REQUIRED ACTION: From the records below, extract only the lines running from the line with "New 2026 Jeep Compass Trailhawk image 24" to the line with "Alfa Inn 尼杜巴塞莱 外观 照片", both lines included, reproducing them exactly.

RECORD EXCERPTS:
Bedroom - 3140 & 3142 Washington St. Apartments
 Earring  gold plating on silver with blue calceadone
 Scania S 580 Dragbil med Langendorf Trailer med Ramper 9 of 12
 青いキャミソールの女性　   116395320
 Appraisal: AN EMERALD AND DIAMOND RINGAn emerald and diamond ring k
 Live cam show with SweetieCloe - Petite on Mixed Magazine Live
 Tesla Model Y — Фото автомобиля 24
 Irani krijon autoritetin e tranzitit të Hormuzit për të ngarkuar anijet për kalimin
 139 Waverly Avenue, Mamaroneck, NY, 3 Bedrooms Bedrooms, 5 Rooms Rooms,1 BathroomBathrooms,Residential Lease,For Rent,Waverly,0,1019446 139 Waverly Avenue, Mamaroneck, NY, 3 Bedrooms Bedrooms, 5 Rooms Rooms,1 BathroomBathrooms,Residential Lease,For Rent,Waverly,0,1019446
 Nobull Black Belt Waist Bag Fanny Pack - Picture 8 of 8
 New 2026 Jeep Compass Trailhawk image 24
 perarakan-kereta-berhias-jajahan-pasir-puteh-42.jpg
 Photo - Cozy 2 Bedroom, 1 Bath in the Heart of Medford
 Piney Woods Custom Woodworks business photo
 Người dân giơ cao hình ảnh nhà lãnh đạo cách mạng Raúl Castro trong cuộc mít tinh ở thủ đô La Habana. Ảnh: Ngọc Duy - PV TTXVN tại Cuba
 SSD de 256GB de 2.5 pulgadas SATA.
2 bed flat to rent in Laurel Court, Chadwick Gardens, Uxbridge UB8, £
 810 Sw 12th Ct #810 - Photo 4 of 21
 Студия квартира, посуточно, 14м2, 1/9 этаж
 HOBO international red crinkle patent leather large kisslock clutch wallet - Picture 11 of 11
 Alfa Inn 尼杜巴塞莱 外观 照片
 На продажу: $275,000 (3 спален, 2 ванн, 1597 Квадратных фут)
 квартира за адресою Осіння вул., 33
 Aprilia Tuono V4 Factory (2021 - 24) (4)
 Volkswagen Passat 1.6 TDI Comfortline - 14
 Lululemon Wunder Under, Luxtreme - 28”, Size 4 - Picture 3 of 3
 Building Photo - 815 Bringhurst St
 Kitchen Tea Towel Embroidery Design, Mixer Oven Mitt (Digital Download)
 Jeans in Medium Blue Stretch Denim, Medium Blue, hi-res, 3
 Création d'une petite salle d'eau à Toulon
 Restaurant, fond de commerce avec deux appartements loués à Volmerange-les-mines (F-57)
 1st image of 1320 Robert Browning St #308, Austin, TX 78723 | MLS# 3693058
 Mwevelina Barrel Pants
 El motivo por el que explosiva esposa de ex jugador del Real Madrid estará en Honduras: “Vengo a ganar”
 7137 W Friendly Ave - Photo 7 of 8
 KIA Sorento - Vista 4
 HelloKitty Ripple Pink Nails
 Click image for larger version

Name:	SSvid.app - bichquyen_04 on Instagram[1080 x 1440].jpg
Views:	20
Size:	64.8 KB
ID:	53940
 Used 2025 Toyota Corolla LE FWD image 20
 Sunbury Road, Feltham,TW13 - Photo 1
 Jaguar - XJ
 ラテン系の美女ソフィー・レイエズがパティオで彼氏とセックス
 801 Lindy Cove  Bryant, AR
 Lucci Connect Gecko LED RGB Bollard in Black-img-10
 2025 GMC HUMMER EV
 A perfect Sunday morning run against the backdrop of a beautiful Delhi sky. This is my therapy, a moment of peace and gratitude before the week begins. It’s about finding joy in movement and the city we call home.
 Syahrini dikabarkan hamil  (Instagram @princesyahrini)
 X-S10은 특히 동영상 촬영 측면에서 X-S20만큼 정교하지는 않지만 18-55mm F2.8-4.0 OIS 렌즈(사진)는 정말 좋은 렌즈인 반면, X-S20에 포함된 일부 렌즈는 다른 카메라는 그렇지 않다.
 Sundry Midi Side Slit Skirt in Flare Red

WRITTEN RESPONSE:
 New 2026 Jeep Compass Trailhawk image 24
 perarakan-kereta-berhias-jajahan-pasir-puteh-42.jpg
 Photo - Cozy 2 Bedroom, 1 Bath in the Heart of Medford
 Piney Woods Custom Woodworks business photo
 Người dân giơ cao hình ảnh nhà lãnh đạo cách mạng Raúl Castro trong cuộc mít tinh ở thủ đô La Habana. Ảnh: Ngọc Duy - PV TTXVN tại Cuba
 SSD de 256GB de 2.5 pulgadas SATA.
2 bed flat to rent in Laurel Court, Chadwick Gardens, Uxbridge UB8, £
 810 Sw 12th Ct #810 - Photo 4 of 21
 Студия квартира, посуточно, 14м2, 1/9 этаж
 HOBO international red crinkle patent leather large kisslock clutch wallet - Picture 11 of 11
 Alfa Inn 尼杜巴塞莱 外观 照片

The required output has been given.